Use Cases  •  Defense, Use Cases

Use case : multi-mission frigate

Context

As part of its naval operations, the multi-mission frigate is equipped with a high-performance sonar, an electronic instrument essential to maritime defense missions. Unlike radars, which use electromagnetic waves, sonar perates by transmitting and receiving acoustic waves, which have the particularity of propagating well in water. This system enables us to detect and analyze the underwater environment, by capturing the echoes returned by submerged objects.

Multi-mission frigate sonar plays a crucial role in anti-submarine warfare, particularly in detecting the presence of enemy units, such as hostile submarines seeking to approach discreetly. It is also used to map the seabed to identify landforms, obstacles, mines and wrecks. This type of tracking enables the frigate to navigate in complete safety, even in shallow or unfamiliar areas.

Thanks to this system, the multi-mission frigate benefits from a very high level of underwater surveillance, detection and analysis capability, making it a strategic player in the protection of sensitive maritime zones.

 

Needs

Given the extreme conditions in which it operates: prolonged immersion, mechanical shocks, salinity, temperature variations, interference. Sonar is exposed to the risk of premature aging, performance drift or partial failure. It is therefore crucial to be able to detect signs of degradation at an early stage, whether they relate to on-board electronics, acoustic sensors, mechanical actuators or signal processing software.

What’s more, breakdowns in this type of equipment do not always occur suddenly. They often set in gradually, over time, in the form of discrete anomalies, difficult to distinguish from slightly disturbed normal behavior. The system therefore needs mechanisms capable of identifying these atypical behaviors in temporal data, and linking them to phenomena of failure or loss of performance.
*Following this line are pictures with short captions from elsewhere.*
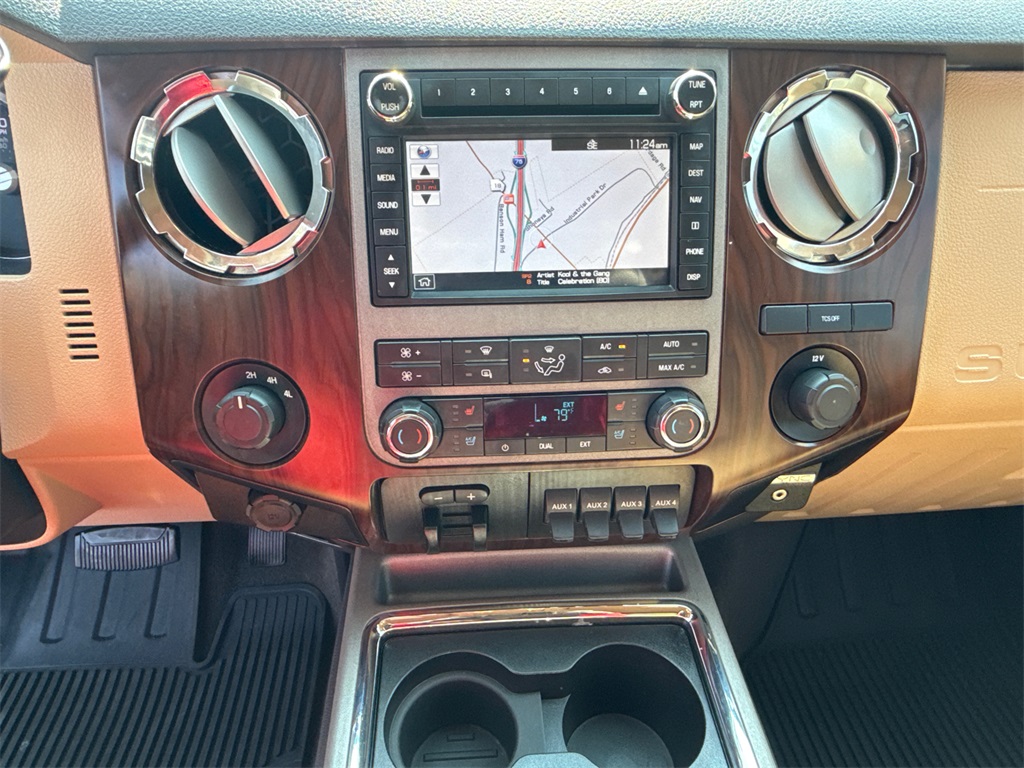 2011 Ford F-450 Lariat photo 27
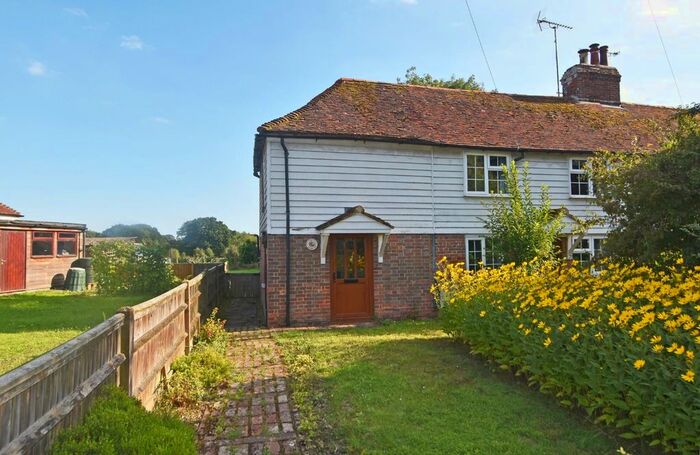 2 Bedroom Cottage For Sale In Bull Lane, Bethersden, Ashford, TN26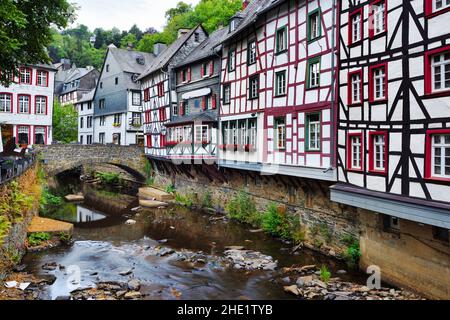 Storica città vecchia di Monschau, famosa per le sue tradizionali case a graticcio, regione Eifel, Germania Foto Stock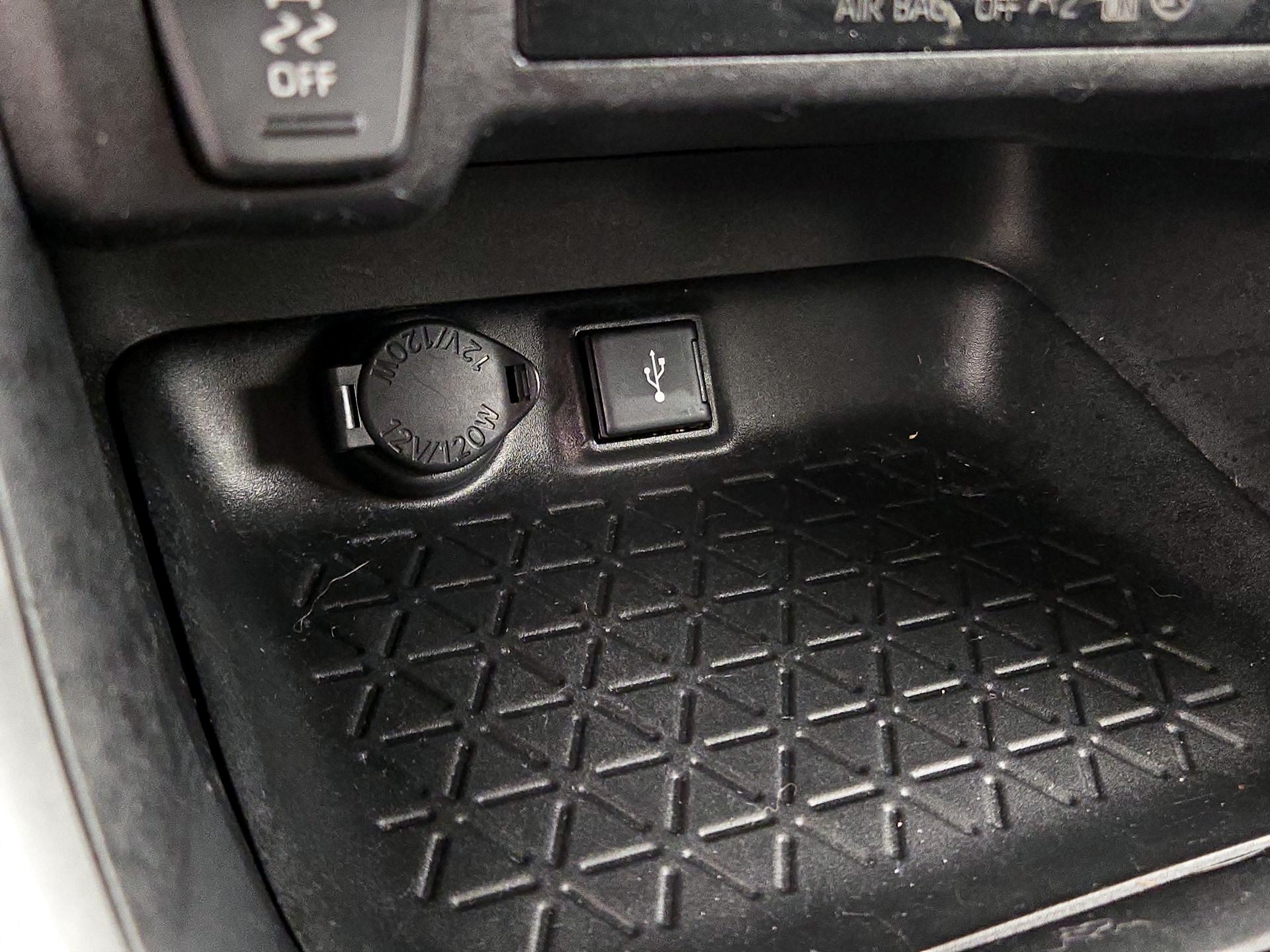 Thumbnail: 2021 Toyota RAV4 - 18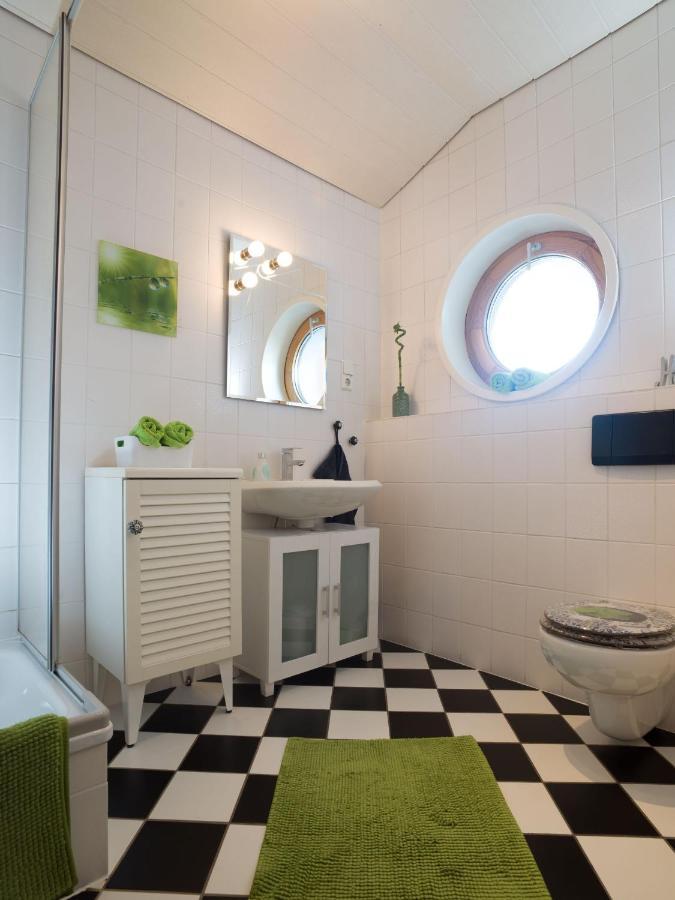 Ferienwohnung Am Gaesschen Scheiden Exterior foto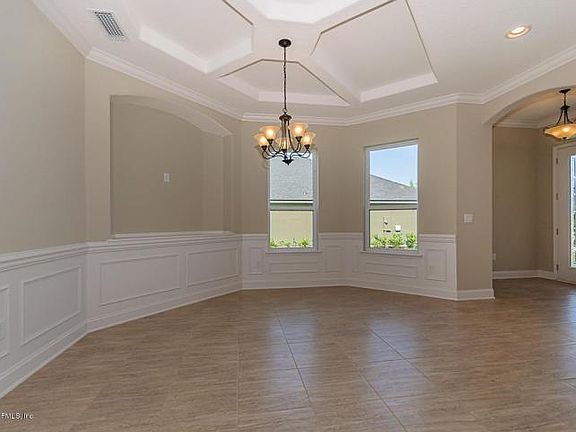4th image of 188 Ellsworth Cir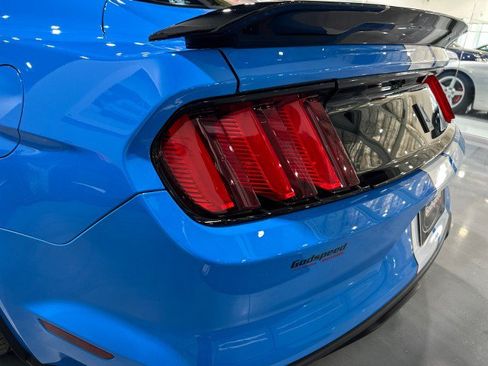 Used 2017 Ford Mustang Shelby GT350 w/ Electronics Package RWD image 25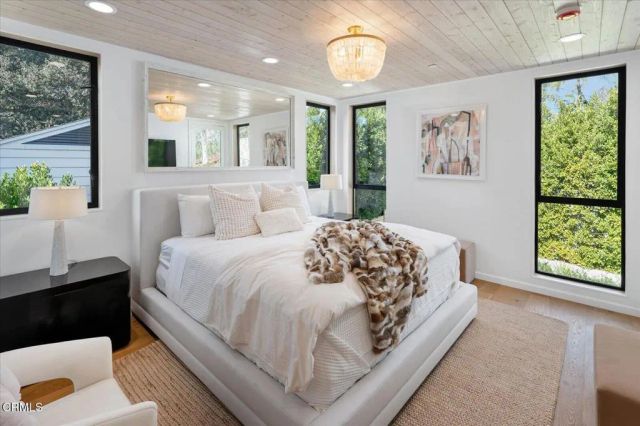 10747 Valleyheart Drive, Studio City, CA 91604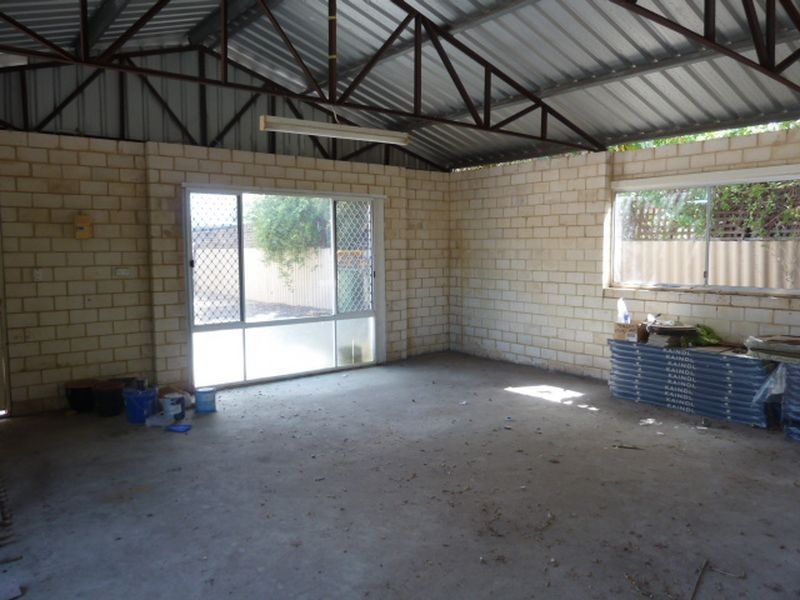 33 Rushbrook Way, Thornlie WA 6108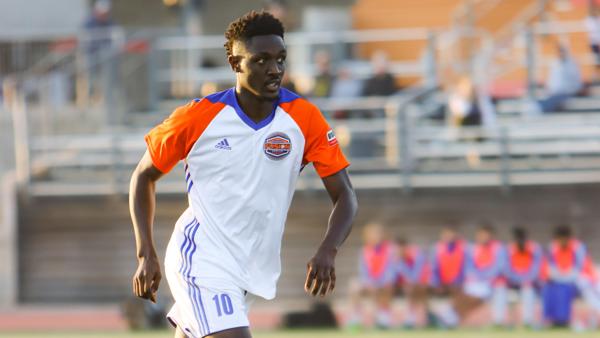 nathaniel-opoku-signs-pro-contract-with-leicester-city-fc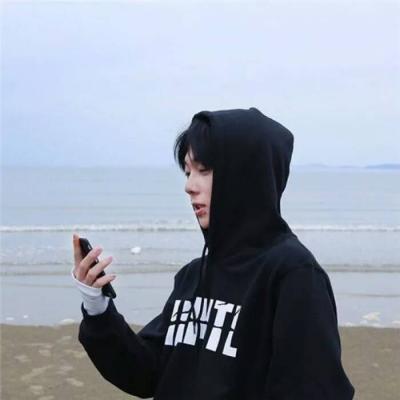 特别冷漠的男生头像动漫图片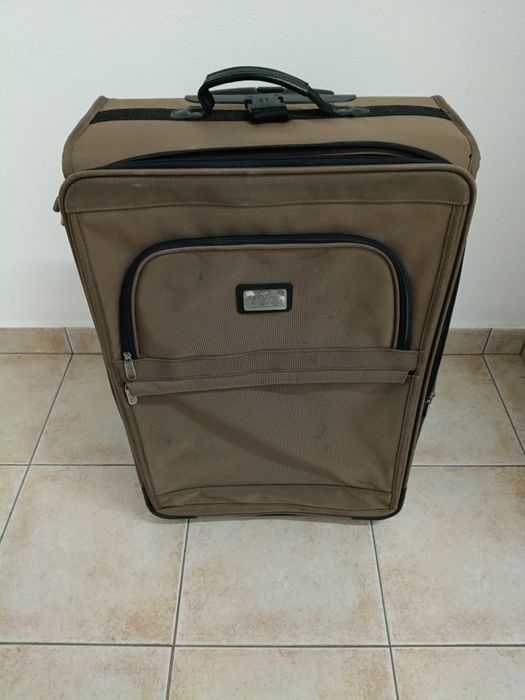 Mala de viagem com rodas. Marca: Camel Active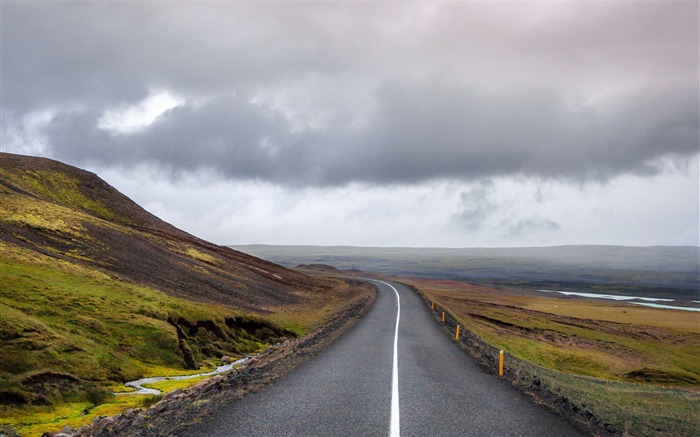 Road markings turn grass-Landscape Theme Wallpaper Views:7255 Date:2016/7/20 8:22:17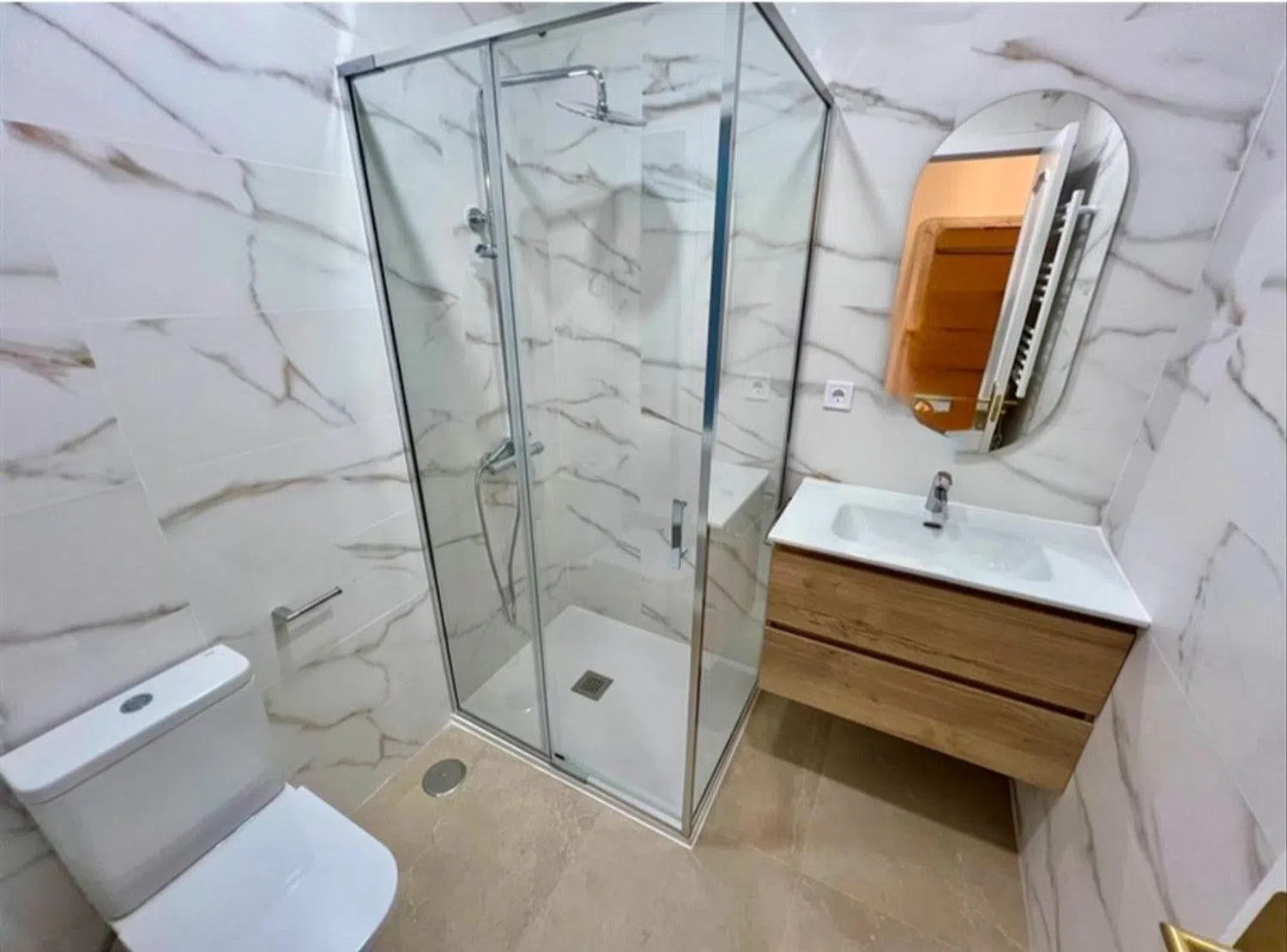 Piso en calle del Monasterio de Samos, 14 - Foto 2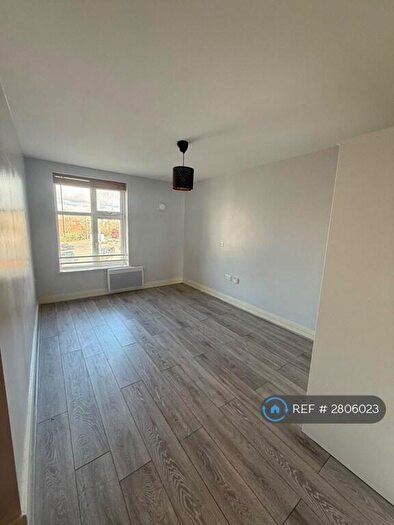 1 Bedroom Flat To Rent In Peaberry Court, London, NW4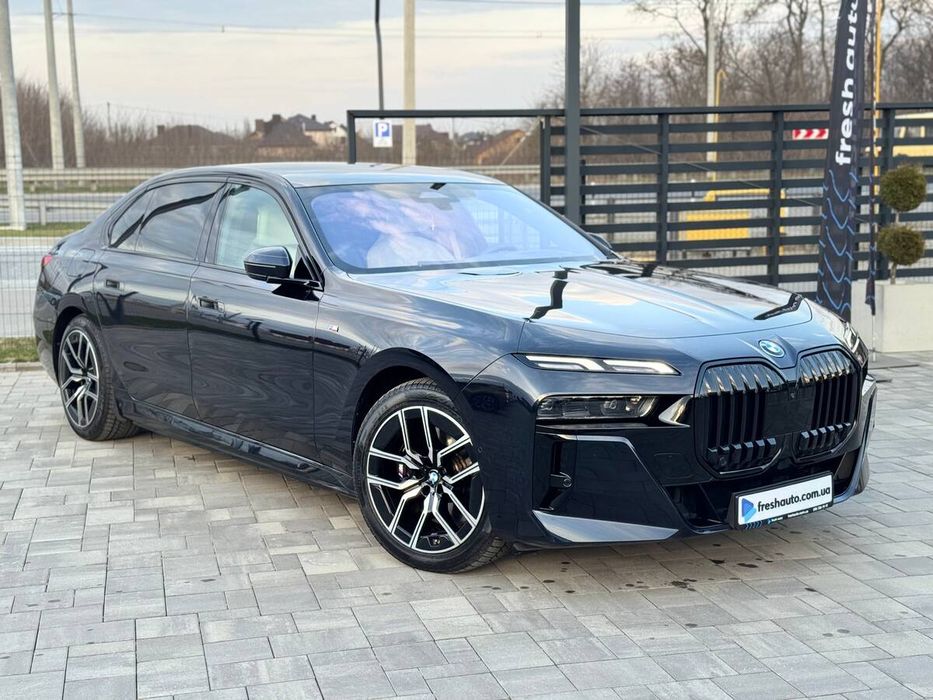 BMW i7 2023 freshauto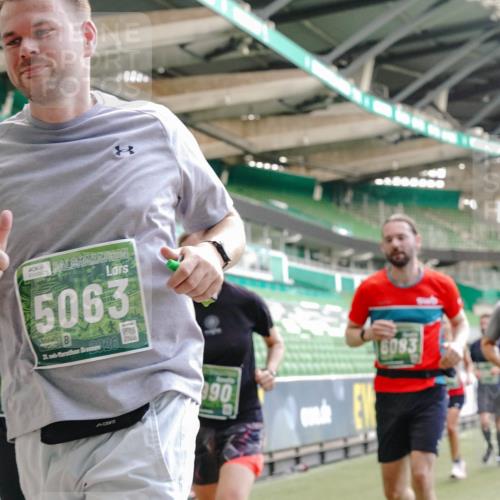 13.09.2026 - 21. swb-Marathon Bremen Michael Burmester http://msf.ph/oto/10453564 13.09.2026 13:10:24 Laufen im Stadion 164, 373, 383, 391, 448, 532, 549, 563, 581, 625, 813, 869, 898, 984, 1072, 1150, 1180, 1738, 1855, 1867, 1880, 1894, 1967, 2202, 2208, 2232, 2243, 2268, 2284, 2330, 2333, 2339, 2342, 2429, 2432, 2441, 2443, 2471, 2525, 2530, 2531, 2553, 2573, 2589, 2594, 2654, 2682, 2714, 2717, 2784, 2785, 2819, 2836, 2920, 2931, 2932, 2941, 3026, 3032, 3063, 3086, 3089, 3122, 3174, 3207, 3208, 3291, 3316, 3327, 3333, 3370, 3398, 3409, 3410, 3437, 3470, 3549, 3707, 3769, 109 meine-sportfotos.de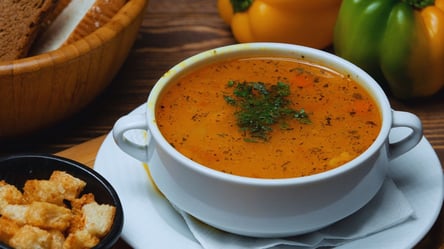 Рецепт швидкого сирного супу з грибами від Клопотенка - 285x160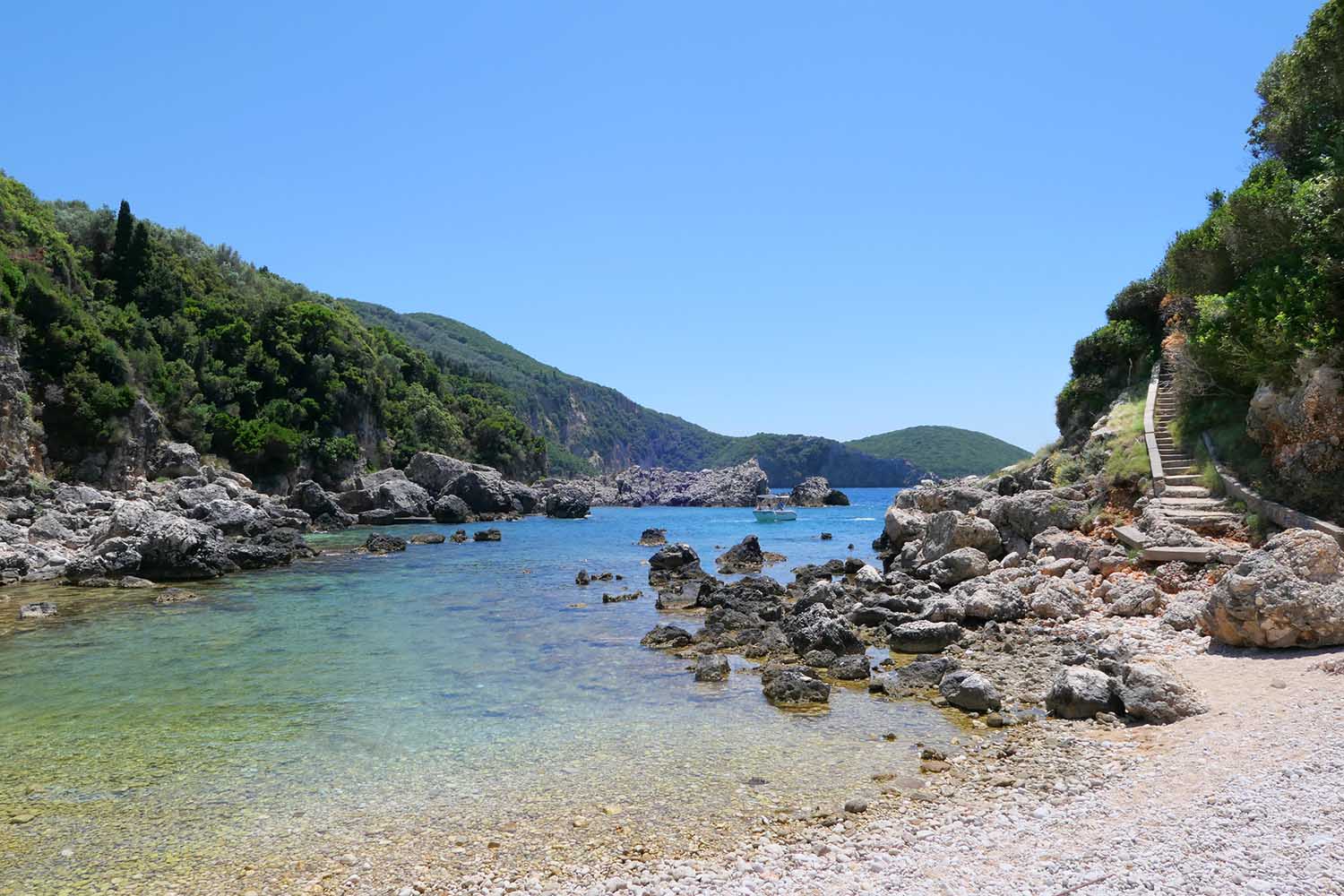 Λιμνί παραλία Κέρκυρα Λιαπάδες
Finally, to optimize maintenance and avoid unplanned sonar unavailability that could compromise the frigate’s mission, we need intelligent monitoring of the system’s state of health, based on actual operating data and not just on fixed thresholds or planned maintenance intervals. This would make it possible to anticipate technical interventions before failure becomes critically apparent.

Solutions

The DiagFit solution is based on an innovative approach to unsupervised learning, based on the exclusive use of healthy system data to model its normal operating state. This method makes it possible to build a robust repository of nominal behavior, without requiring failure data for learning.

When the system deviates from this normal state, DiagFit is able to automatically detect anomalies, indicating possible drift or degradation. This principle makes the solution particularly well-suited to industrial environments, where failures are rare and difficult to label.

To validate the effectiveness of this approach, DiagFit uses fault labels that are available to measure the accuracy of detection. These validations confirm the model’s ability to identify relevant anomalies in real-life conditions.

DiagFit analyzes system health at two levels:

  • Globally, by assessing the system as a whole,
  • Locally, sensor by sensor, to pinpoint sources of degradation.

Results

Thanks to this approach, DiagFit has demonstrated its ability to detect 100% of labeled faults, while also identifying non-labeled anomalies, thus confirming the robustness and sensitivity of the algorithm to unanticipated degradations.

These performances are achieved without the use of fault data for training, making the solution particularly suitable for industrial contexts where fault events are rare or poorly documented.

In addition, the increased availability of data, particularly in complex or multivariate environments, will further improve model performance, by refining the characterization of the normal state and reducing false positives.

In this way, DiagFit provides a solid basis for the early detection of anomalies, helping to improve predictive maintenance and enhance the reliability of monitored systems.